◆ **What this task involves**:
The stretch wanted below opens at the line containing "Woman lighting a firework" and closes at the line containing "adds both style". Please return it exactly, with no other lines.
[Opening Data section]
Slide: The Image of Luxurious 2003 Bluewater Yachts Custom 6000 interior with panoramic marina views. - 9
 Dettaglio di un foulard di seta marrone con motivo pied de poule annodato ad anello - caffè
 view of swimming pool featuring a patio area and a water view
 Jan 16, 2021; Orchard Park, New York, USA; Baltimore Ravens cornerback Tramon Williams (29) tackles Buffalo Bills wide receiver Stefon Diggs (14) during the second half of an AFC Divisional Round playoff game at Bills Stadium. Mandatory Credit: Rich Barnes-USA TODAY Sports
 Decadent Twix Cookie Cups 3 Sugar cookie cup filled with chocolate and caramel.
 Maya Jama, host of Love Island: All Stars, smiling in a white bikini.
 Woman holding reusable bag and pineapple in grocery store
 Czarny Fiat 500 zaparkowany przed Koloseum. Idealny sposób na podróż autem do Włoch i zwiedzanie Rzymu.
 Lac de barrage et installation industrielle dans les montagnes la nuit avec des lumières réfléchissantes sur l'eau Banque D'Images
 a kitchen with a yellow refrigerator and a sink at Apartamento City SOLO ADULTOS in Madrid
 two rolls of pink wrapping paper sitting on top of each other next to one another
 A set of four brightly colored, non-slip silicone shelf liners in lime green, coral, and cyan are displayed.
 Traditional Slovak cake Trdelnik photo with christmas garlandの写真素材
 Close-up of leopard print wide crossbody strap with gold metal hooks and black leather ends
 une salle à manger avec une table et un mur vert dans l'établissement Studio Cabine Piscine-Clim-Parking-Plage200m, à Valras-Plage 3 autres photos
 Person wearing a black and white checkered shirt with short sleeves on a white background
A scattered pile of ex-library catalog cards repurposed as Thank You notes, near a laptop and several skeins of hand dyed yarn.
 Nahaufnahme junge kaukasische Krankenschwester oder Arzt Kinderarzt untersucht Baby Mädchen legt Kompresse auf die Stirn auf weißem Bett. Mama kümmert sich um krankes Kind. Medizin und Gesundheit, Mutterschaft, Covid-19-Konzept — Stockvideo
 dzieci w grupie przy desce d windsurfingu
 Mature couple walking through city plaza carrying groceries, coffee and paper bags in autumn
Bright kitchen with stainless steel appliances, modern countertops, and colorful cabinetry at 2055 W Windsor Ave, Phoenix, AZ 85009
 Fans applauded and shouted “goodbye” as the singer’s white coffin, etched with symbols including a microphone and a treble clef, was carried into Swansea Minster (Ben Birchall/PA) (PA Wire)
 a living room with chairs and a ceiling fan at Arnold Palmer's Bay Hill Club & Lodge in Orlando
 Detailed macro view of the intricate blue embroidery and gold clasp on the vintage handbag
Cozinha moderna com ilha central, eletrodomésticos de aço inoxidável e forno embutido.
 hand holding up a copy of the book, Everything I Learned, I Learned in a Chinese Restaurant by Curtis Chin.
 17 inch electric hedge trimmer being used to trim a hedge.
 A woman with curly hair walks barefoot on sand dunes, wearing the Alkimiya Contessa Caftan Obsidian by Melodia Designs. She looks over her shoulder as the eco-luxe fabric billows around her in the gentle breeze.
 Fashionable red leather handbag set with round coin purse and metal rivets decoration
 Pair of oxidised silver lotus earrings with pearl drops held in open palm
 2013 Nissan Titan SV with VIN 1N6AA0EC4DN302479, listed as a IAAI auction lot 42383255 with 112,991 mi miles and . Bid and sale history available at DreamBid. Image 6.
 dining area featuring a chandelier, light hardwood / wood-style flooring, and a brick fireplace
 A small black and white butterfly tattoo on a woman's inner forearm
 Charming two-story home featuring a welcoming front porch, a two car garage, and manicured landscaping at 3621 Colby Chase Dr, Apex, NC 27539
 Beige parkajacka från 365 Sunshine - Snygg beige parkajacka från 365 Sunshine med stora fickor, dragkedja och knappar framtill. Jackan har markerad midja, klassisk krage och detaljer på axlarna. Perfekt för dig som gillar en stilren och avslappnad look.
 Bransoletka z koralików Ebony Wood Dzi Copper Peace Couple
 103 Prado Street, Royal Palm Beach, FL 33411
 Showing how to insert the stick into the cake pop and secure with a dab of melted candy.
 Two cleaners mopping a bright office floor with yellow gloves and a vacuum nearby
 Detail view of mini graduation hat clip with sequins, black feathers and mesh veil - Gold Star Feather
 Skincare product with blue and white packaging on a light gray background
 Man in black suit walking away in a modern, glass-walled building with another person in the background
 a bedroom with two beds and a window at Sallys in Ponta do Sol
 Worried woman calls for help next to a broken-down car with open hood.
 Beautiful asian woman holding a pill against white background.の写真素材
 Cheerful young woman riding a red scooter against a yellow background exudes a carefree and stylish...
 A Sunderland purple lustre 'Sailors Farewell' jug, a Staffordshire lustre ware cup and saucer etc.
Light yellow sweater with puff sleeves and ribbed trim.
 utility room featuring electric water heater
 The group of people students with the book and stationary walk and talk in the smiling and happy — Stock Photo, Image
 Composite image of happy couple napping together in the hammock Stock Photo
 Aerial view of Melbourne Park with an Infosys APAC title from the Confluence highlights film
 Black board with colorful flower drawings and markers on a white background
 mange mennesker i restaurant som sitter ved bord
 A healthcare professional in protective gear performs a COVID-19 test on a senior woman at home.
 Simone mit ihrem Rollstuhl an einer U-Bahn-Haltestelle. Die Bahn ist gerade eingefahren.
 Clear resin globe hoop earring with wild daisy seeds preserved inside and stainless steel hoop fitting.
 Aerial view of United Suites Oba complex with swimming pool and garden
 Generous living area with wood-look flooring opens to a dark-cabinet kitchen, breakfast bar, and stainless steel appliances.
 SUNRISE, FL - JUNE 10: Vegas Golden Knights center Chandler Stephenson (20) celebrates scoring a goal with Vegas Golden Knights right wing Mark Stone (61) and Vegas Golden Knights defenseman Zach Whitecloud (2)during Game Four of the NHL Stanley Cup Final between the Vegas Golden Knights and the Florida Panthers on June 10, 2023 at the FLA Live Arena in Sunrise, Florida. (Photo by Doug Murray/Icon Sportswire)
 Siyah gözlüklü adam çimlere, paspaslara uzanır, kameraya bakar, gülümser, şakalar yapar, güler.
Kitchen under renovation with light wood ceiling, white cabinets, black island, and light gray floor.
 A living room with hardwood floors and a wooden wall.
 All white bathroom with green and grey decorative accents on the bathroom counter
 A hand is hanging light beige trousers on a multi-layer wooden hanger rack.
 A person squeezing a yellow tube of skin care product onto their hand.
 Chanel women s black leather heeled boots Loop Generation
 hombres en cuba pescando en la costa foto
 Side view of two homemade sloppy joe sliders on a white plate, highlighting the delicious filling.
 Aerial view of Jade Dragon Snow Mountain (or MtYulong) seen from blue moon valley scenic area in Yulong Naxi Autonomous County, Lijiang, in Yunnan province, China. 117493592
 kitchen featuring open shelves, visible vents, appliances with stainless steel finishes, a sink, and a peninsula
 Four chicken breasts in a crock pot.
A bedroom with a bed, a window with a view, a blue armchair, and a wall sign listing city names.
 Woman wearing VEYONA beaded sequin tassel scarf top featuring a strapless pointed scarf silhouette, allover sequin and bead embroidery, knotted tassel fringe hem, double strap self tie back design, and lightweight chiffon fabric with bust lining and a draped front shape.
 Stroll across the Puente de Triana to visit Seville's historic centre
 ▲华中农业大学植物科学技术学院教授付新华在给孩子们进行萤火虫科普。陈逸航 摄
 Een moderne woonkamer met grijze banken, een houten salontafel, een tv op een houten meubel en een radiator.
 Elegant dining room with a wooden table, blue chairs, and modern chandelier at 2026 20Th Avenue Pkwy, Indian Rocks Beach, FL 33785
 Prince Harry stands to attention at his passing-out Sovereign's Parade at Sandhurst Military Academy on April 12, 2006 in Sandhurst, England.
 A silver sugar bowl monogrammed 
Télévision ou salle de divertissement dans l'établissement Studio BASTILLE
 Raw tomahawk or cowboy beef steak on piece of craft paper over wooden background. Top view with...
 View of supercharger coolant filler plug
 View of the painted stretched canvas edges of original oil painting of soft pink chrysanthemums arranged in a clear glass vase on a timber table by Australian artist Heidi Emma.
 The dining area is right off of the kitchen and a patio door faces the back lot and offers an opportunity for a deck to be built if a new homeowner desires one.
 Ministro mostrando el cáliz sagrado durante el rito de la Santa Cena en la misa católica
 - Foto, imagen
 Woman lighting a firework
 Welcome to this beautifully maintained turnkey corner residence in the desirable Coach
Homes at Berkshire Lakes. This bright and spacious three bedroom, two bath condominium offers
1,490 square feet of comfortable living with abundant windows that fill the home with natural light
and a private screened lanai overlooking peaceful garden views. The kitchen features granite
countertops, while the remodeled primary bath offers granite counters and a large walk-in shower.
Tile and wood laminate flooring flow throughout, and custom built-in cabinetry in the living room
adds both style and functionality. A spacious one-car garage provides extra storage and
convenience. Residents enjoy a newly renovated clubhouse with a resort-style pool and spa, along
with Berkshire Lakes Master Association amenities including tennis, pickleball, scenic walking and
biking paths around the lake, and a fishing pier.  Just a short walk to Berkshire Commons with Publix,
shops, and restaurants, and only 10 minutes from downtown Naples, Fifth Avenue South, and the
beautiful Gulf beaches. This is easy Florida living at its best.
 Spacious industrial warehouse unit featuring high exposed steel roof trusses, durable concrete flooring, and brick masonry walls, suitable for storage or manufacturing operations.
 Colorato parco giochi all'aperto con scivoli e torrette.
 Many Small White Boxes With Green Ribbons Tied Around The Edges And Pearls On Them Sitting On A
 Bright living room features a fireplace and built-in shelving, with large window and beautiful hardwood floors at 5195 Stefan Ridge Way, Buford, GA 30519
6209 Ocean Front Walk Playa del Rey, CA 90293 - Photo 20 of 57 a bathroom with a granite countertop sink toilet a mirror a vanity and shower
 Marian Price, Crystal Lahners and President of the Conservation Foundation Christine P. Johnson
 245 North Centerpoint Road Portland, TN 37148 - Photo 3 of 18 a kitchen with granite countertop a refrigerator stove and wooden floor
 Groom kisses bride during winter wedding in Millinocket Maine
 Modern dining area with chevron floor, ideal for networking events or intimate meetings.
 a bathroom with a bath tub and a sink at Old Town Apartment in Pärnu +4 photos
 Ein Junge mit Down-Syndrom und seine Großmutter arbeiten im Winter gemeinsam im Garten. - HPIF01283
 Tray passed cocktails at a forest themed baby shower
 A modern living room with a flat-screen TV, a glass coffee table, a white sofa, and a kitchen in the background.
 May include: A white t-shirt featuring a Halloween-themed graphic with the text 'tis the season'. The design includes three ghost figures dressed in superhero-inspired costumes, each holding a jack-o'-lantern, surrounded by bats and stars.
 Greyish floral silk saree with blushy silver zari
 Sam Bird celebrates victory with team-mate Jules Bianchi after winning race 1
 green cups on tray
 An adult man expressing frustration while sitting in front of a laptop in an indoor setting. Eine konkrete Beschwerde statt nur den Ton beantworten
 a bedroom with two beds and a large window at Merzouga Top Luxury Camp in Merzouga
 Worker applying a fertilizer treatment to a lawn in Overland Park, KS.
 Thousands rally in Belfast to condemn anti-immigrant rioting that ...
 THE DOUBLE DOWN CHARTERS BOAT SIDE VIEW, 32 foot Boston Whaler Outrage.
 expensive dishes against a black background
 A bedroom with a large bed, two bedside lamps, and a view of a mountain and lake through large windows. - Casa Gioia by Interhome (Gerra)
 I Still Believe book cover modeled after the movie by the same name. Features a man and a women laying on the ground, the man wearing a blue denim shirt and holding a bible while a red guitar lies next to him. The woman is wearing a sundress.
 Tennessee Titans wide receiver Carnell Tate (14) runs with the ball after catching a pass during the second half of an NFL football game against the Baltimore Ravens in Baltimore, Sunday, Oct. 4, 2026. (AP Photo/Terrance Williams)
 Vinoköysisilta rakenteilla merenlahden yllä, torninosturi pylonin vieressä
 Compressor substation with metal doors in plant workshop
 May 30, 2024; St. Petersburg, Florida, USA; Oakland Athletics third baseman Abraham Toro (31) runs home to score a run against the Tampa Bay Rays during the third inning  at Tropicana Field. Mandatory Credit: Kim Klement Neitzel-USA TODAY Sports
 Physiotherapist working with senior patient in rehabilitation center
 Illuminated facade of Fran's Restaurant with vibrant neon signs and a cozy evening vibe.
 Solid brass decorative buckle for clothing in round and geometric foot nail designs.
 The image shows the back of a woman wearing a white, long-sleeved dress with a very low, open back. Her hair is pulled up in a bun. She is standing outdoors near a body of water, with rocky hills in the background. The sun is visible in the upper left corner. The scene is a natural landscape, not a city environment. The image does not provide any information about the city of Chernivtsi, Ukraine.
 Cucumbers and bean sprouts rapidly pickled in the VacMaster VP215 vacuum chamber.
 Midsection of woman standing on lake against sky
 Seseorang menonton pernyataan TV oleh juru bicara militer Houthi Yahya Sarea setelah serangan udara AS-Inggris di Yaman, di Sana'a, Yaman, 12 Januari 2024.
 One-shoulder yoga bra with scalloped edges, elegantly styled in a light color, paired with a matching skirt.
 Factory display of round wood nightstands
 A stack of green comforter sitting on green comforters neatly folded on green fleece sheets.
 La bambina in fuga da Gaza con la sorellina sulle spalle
[Closing Data section]
◆ **Answer to this exercise**:
 Woman lighting a firework
 Welcome to this beautifully maintained turnkey corner residence in the desirable Coach
Homes at Berkshire Lakes. This bright and spacious three bedroom, two bath condominium offers
1,490 square feet of comfortable living with abundant windows that fill the home with natural light
and a private screened lanai overlooking peaceful garden views. The kitchen features granite
countertops, while the remodeled primary bath offers granite counters and a large walk-in shower.
Tile and wood laminate flooring flow throughout, and custom built-in cabinetry in the living room
adds both style and functionality. A spacious one-car garage provides extra storage and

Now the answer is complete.